AppArmor is something I still need to learn about and modifying code is beyond my abilities. So using the first option I am reading that fuse(8) man page says:
default_permissions
By default FUSE doesn’t check file access permissions, the filesystem is free to implement it’s
access policy or leave it to the underlying file access mechanism (e.g. in case of network
filesystems). This option enables permission checking, restricting access based on file mode.
This is option is usually useful together with the allow_other mount option.
Does this mean that in order to have permissions as in the case of vfat one should not use the mounting functionality of KDE but do it from command line each and every time? All this is quite unclear to me.

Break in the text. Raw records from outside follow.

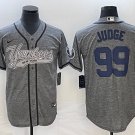 Aaron Judge Yankees Heather Grey Fashion Replica Jersey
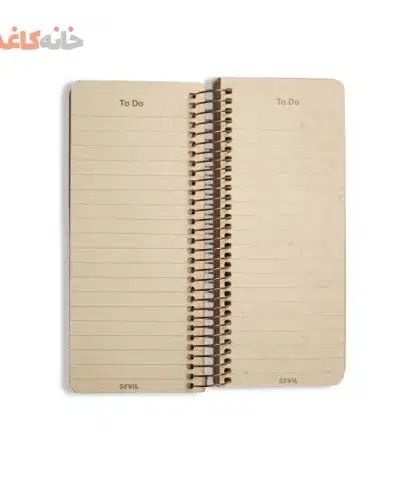 یادداشت تودولیست جلدسخت کرافت سویل طرح برگ - Image 3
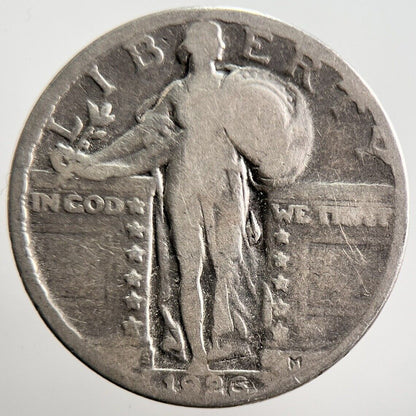 1926 - S US USA Standing Liberty Quarter Silver Coin | Collectable Grade | a3601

These both work (but need root):
# mount.exfat-fuse -o umask=177,dmask=077,uid=1000,gid=100 /dev/sdf1 /mnt
# mount.exfat-fuse -o umask=133,dmask=022,uid=1000,gid=100 /dev/sdf1 /mnt
This does not seem to work (as user) and I have no idea why:
~]: fusermount -o default_permissions /dev/sdf1
fusermount: old style mounting not supported
Yes.
You could define a “sudo” for the mount or, add your user to the group “disk” – take a look at the ownerships of “/dev/sd*” …
This is looking bad:
> ls -l /usr/bin/fusermount
-rwsr-xr-x 1 root trusted 31560 10. Mai 2017 /usr/bin/fusermount
>
> file /usr/bin/fusermount
/usr/bin/fusermount: setuid ELF 64-bit LSB shared object, x86-64, version 1 (SYSV), dynamically linked, interpreter /lib64/ld-linux-x86-64.so.2, for GNU/Linux 3.0.0, BuildID[sha1]=73ac43bf35e5a1f378098537dc81ca119e97bf97, stripped
>
Whether or not, adding the user to the group “trusted” would help – don’t know.
Executing “fusermount -o default_permissions” from the user user “root” didn’t help – same error: “fusermount: old style mounting not supported”.
It seems that, the openSUSE “fusermount” is only good for unmounting file systems …
Thanks for the info. This whole thing really looks buggy. Previously I could simply insert the card and have right permissions. Now all that gym…
Security can be annoying:'(
When exactly was this “previously”? What has changed since then?
Some time in December 2017.
I don’t know what has changed since then (except that I have been running ‘zypper up’)
This still seems to be an issue in Leap 15.0 with the only difference that now everything (files and dirs) is 777.